- [Aim of the task] Exactly reproduce the line containing "Image dashboard displaying" and all later lines to the end of the entries, leaving the pictures out of your copy.

BEGIN The input

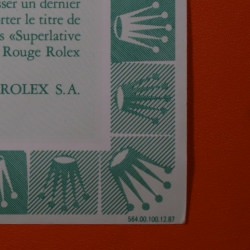 Rolex Garantía Submariner 16800 Punched 1988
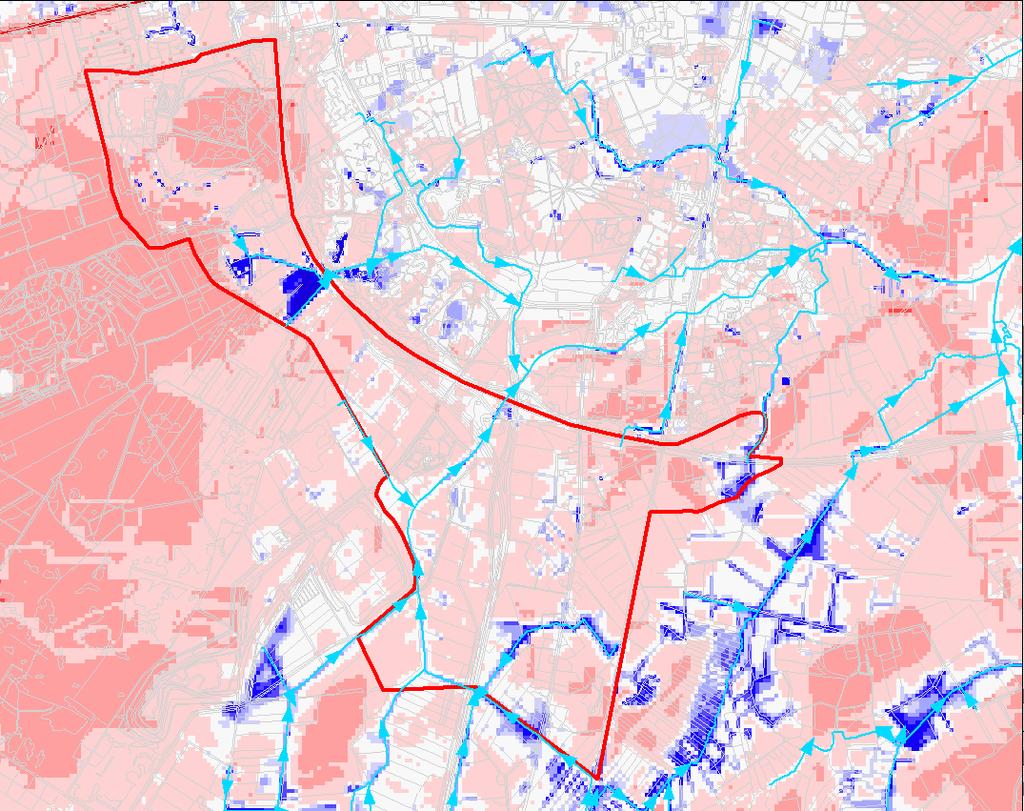 Figuur 9: Kwel en infiltratie Assen-Zuid (bron: Waterschap Hunze en Aa s). Daar waar de keileem in het beekdal van het Witterdiep ontbreekt treedt basenrijke diepe regionale kwel uit.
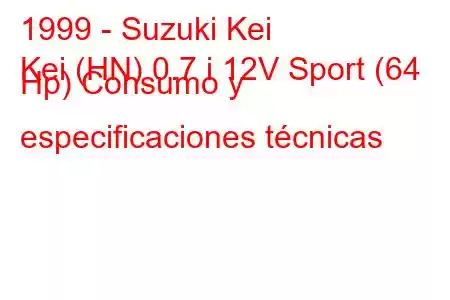 1999 - Suzuki Kei
Kei (HN) 0.7 i 12V Sport (64 Hp) Consumo y especificaciones técnicas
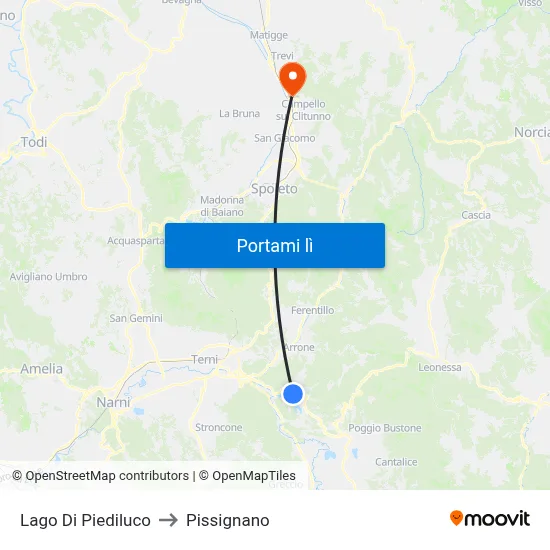 Lago Di Piediluco to Pissignano map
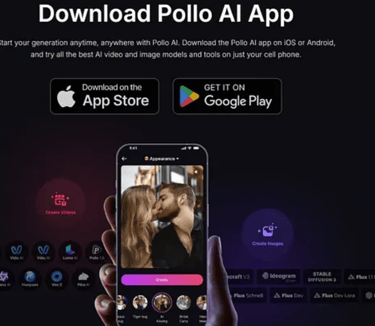 Image dashboard displaying Pollo AI’s mobile apps for both iOS and Android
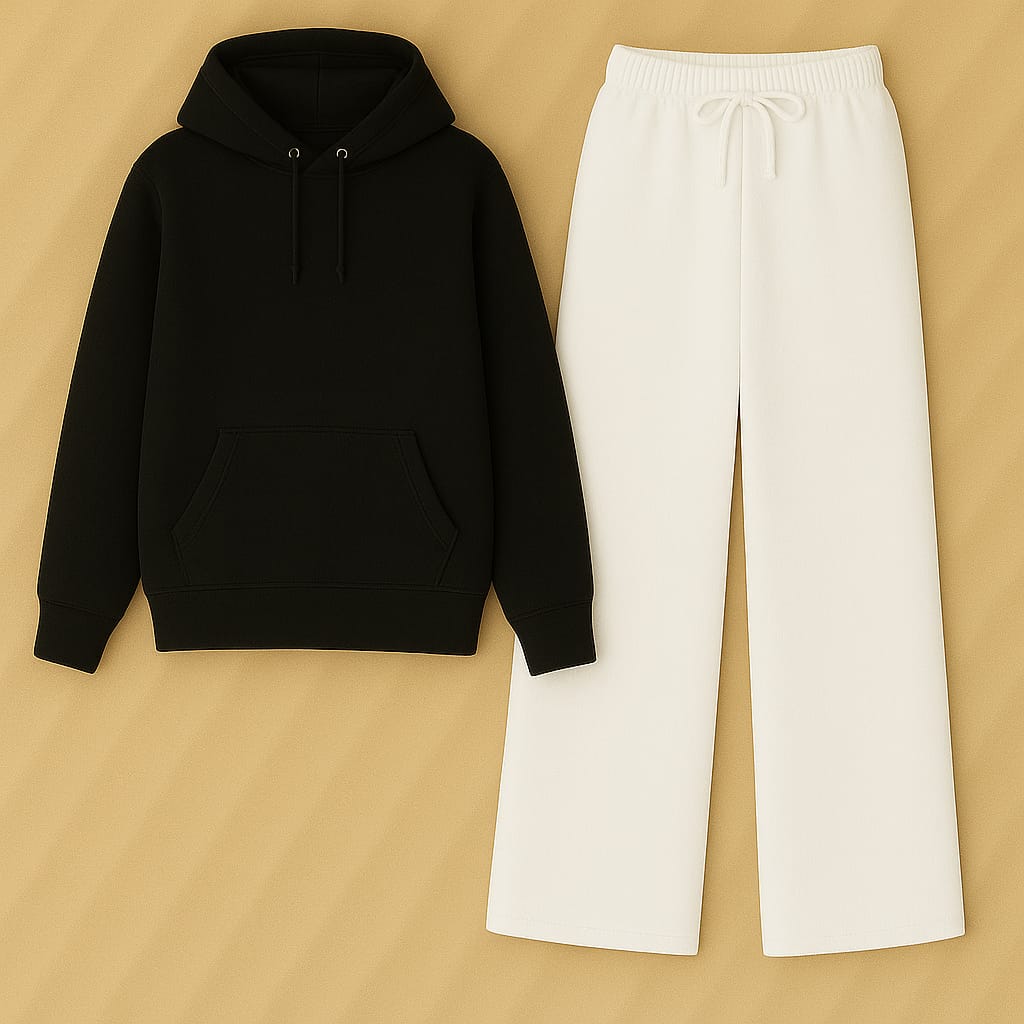 Hoodie with White Flapper Trouser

END The input

- [Answer section]
 Image dashboard displaying Pollo AI’s mobile apps for both iOS and Android
 Hoodie with White Flapper Trouser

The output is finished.